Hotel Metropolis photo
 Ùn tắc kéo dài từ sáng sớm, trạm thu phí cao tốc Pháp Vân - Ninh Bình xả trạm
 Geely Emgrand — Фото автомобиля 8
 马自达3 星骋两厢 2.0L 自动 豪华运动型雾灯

### Task directions
The full material has to be written out again exactly as shown.

### Reply to the exercise
Hotel Metropolis photo
 Ùn tắc kéo dài từ sáng sớm, trạm thu phí cao tốc Pháp Vân - Ninh Bình xả trạm
 Geely Emgrand — Фото автомобиля 8
 马自达3 星骋两厢 2.0L 自动 豪华运动型雾灯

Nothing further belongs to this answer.